Les ecclésiastiques ont aussi un ornement indiquant les dignités dont ils sont revêtus. C'est un chapeau surmontant la couronne et l'écusson.

Les cardinaux ont le chapeau rouge à large bord, accompagné de cordons de même couleur entrelacés et terminés par cinq houppes.

Les archevêques prennent un chapeau à grands bords qui couvre entièrement l'écu comme celui des cardinaux. Il n'en diffère que par la couleur verte, et les pendants à quatre houppes au lieu de cinq.

Le chapeau des évêques est aussi de sinople et les pendants à trois houppes.

Les abbés et protonotaires portent sur l'écu de leurs armes un chapeau noir dont les cordons entrelacés et pendants se terminent par deux houppes de même couleur.

Les prieurs et abbesses entourent leurs armoiries d'un chapelet ou patenôtre.

L'empereur Napoléon avait substitué aux couronnes des nobles titrés des toques surmontées de plumes dont le nombre indiquait la dignité de celui qui les portait. Cet usage ne s'est pas conservé, et les familles anoblies ou titrées par Napoléon ont repris les anciennes couronnes.

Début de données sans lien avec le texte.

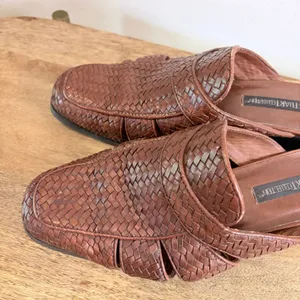 Larry Stuart Brown Woven Leather Huarache Mule Slides 9.5 M Handcrafted Brazil thumbnail 6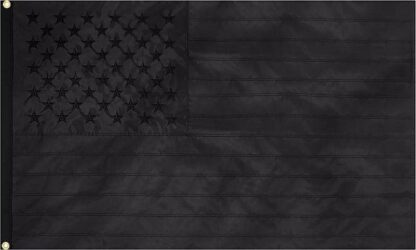 All Black American Flag Embroidered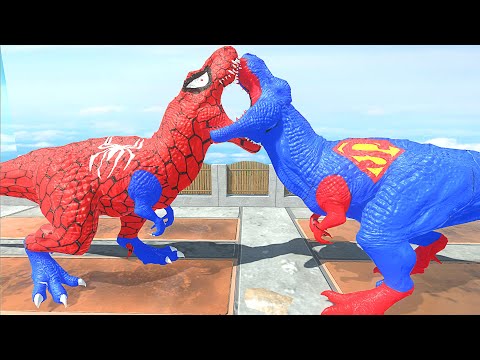 SUPERMAN T-REX ATTACK SPIDERMAN TREX DEATH RUN - Animal Revolt Battle Simulator ARBS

Cependant, comme les monuments du temps portent ces insignes, il est bon de les faire connaître.


Les princes grands dignitaires avaient une toque de velours noir, surmontée de vair avec porte-aigrette d'or surmontée de sept plumes.

Les ducs ne se distinguaient que par la toque retroussée d'hermine au lieu de vair.

Les comtes avaient la toque de velours noir, retroussée de contre-hermine, avec porte-aigrette en or et argent surmontée de cinq plumes.

Les barons retroussaient la toque de contre-vair; porte-aigrette en argent, avec trois plumes.

Les chevaliers portaient la toque de velours noir retroussée de sinople, surmontée d'une aigrette blanche ou d'argent.

On peut enfin citer les couronnes murales qui timbrent ordinairement les armoiries des villes.


Couronne royale

Couronne ducale de Toscane

Couronne des enfants de France

Couronne des princes du Saint-Empire

Couronne des marquis

Couronne des vicomtes

Couronne des barons

Bourrelet

Mortier des présidents

Chapeau des archevêques

Quant aux couronnes navales et vallaires que plusieurs auteurs ont données, elles ne sont presque d'aucun usage en blason.

Les veuves entourent leur écu de cordelières de soie noires et blanches entrelacées. Cette coutume est due à la reine Anne de Bretagne, qui l'adopta après la mort de son premier mari Charles VIII.

Les filles, qui, nous l'avons déjà dit, portent l'écu en losange, le placent dans une guirlande de fleurs.